The writer, when asked if he worried that people would see the movie "Doubt" and bring certain preconceived notions and opinions to the opera experience, he said the following (paraphrased as closely as possible):
"Let them bring their preconceptions. I want them to, and I want to see those preconceptions thrown on the ground and shattered into a million pieces. If Doubt doesn't do that, then we haven't done our jobs."
I applauded at that, because hot damn, I could tell we were in for a good show!

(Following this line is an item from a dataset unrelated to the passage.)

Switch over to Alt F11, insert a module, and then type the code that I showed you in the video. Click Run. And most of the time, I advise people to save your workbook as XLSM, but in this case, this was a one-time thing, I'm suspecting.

I wasn't wrong. Doubt is from all fronts a fantastic production. The sets and scene transitions were well handled, using interesting cinematic "fades" instead of simply darkening the stage so the crew could hustle to make changes. The sets themselves, while deceptively simple, were evocative of the mood and era this story portrayed. It goes without saying that the cast was phenomenal, but I've learned to expect no less from the Minnesota Opera. The orchestra was completely on target, to the point where I forgot there were people with instruments in the pit, and felt as though the music were simply springing from the atmosphere.
The story itself was intriguing, and to be sure, I brought my own prejudices to my seat with me. Having grown up as a Catholic, and even attending Catholic school for a few years, there was much of this setting that resonated with me. The suspicions cast on Father Flynn regarding his relationship with a boy student were uncomfortably similar to a (thankfully indirect) experience I had in my confirmation class. Yet, I couldn't help but give Father Flynn the benefit of the doubt, especially as Sister Aloysius' methods to expose his guilt grew increasingly shady. I felt that the story definitely served its purpose and lived up to its name; by the end, I still hadn't decided who (if anyone) was right, and who (if anyone) was guilty of wrong. I had so many doubts.

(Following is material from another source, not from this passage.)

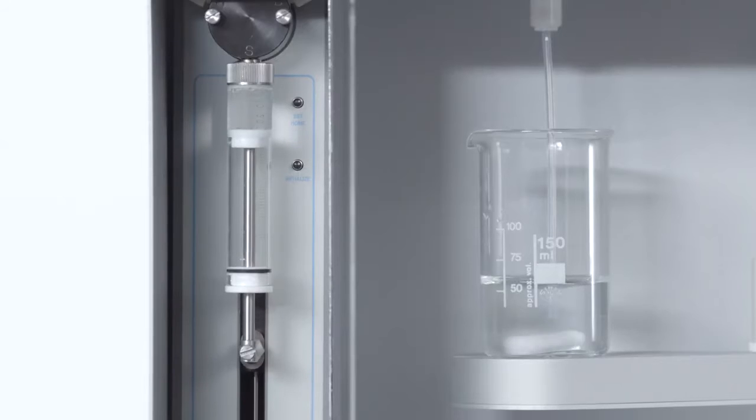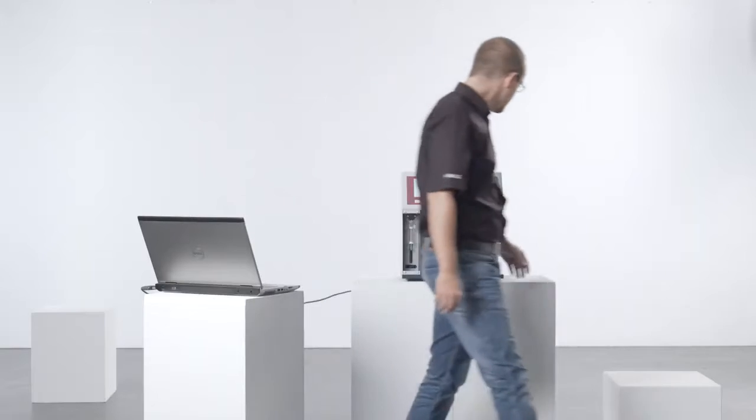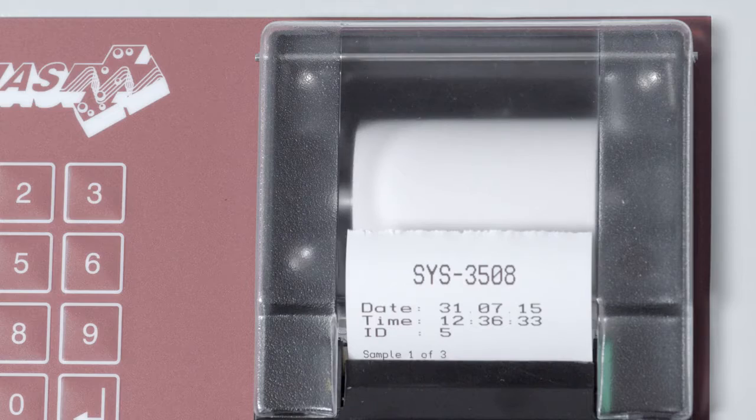Any volume from 1 microliter to 2,000 milliliters can be analyzed.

I started sketching on my digital tablet, but unfortunately the battery gave out far sooner than I'd hoped, so I switched to "analogue" drawing just before intermission. Here are the results of my doodling. Pardon the quality on the paper drawings, as my scanner is still a bit fussy, so I had to use a digital camera to capture the images.
Slight spoilers ahead!
And my marker-and-paper sketches:
Aloysius and Flynn face off.
Because nuns falling are always funny.
Discussing the Christmas Pageant. Aloysius is not impressed.
Aloysius speaking with Donald's mother.
Sister James thinks Sister Aloysius is being totally unfair.
Sisters James and Aloysius share a moment.
So, hey, if you have a chance to go to the Opera, DO! If you have your "doubts" about Doubt, let me assure you that you won't be disappointed. The music is amazing and very innovative for the medium (more a capella singing than I was expecting!), the performances are masterful, and the story is sure to get your gears turning. And for those of you worried that this is going to be another of those stuffy, old-fashioned stories that you just can't get into, Doubt has its share of shocking moments and (sometimes slightly raunchy and juvenile) humor. This is a thoroughly enjoyable show.